Write the full listing out again, word for word, but omit the pictures.

◆ **DATA EXTRACT**:
= = = = = = =
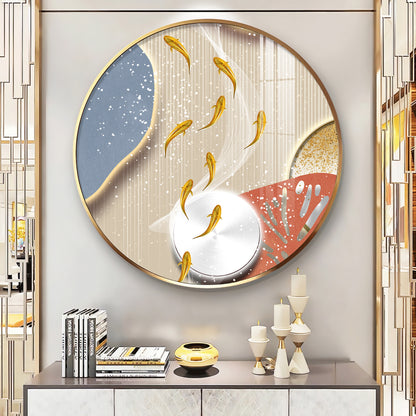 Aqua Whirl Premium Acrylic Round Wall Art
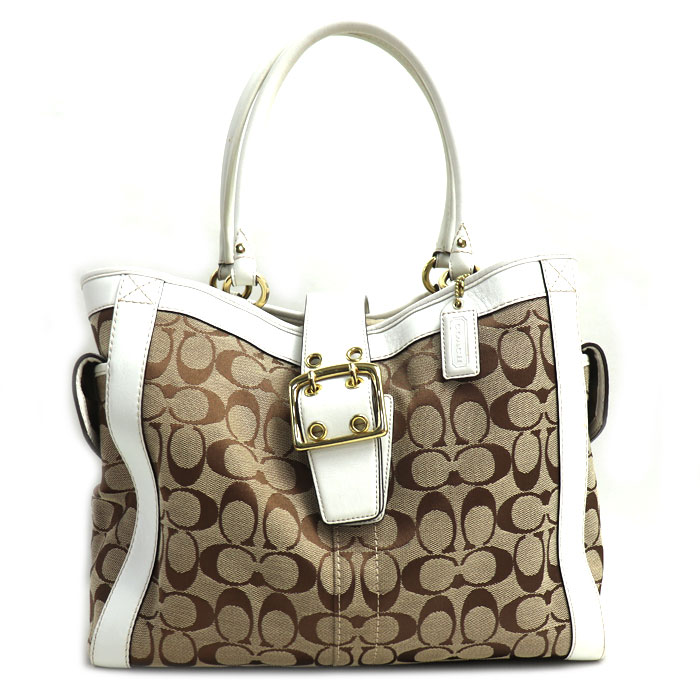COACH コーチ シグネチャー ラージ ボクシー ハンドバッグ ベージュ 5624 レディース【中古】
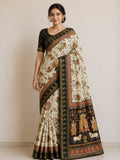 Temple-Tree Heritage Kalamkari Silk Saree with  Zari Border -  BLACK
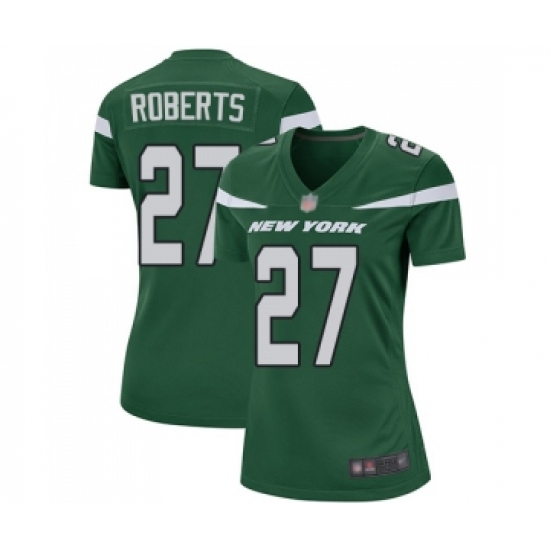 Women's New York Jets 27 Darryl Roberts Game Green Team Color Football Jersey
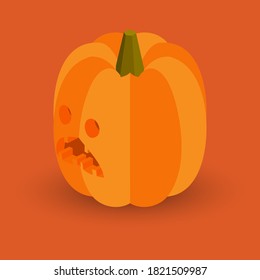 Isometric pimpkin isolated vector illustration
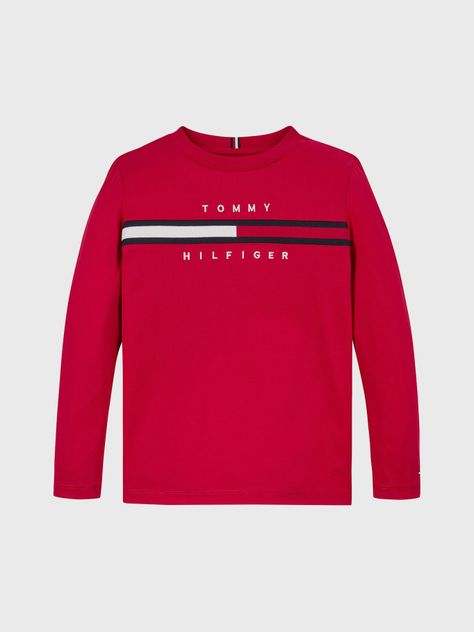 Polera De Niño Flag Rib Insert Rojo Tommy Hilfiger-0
= = = = = = =
◆ **COMPLETED TASK**:
 Aqua Whirl Premium Acrylic Round Wall Art
COACH コーチ シグネチャー ラージ ボクシー ハンドバッグ ベージュ 5624 レディース【中古】
 Temple-Tree Heritage Kalamkari Silk Saree with  Zari Border -  BLACK
 Women's New York Jets 27 Darryl Roberts Game Green Team Color Football Jersey
 Isometric pimpkin isolated vector illustration
 Polera De Niño Flag Rib Insert Rojo Tommy Hilfiger-0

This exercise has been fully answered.